PROVIDED MATERIAL Block Start

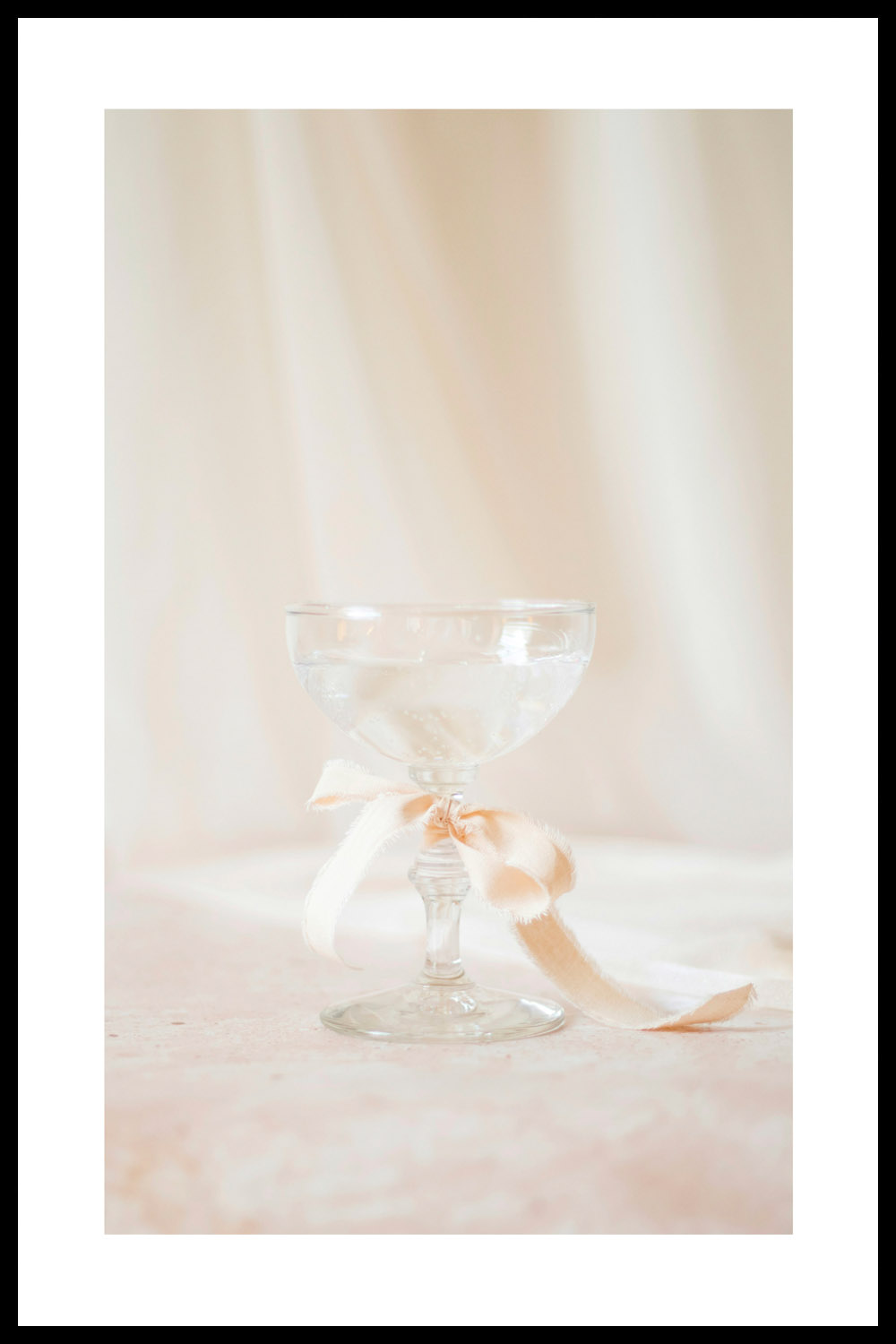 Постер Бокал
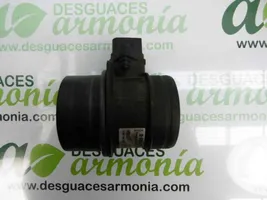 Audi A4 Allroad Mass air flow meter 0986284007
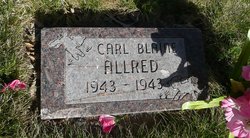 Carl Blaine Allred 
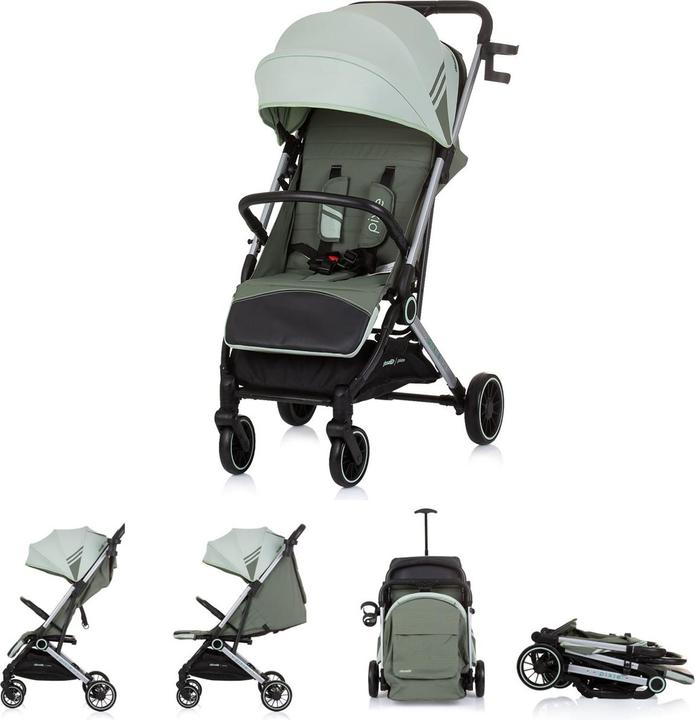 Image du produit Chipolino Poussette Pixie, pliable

PROVIDED MATERIAL Block End

Once the pictures are set aside, output the whole listing exactly.

■ RESULT FOR THIS TASK:
 Постер Бокал
 Audi A4 Allroad Mass air flow meter 0986284007
 Carl Blaine Allred 
 Image du produit Chipolino Poussette Pixie, pliable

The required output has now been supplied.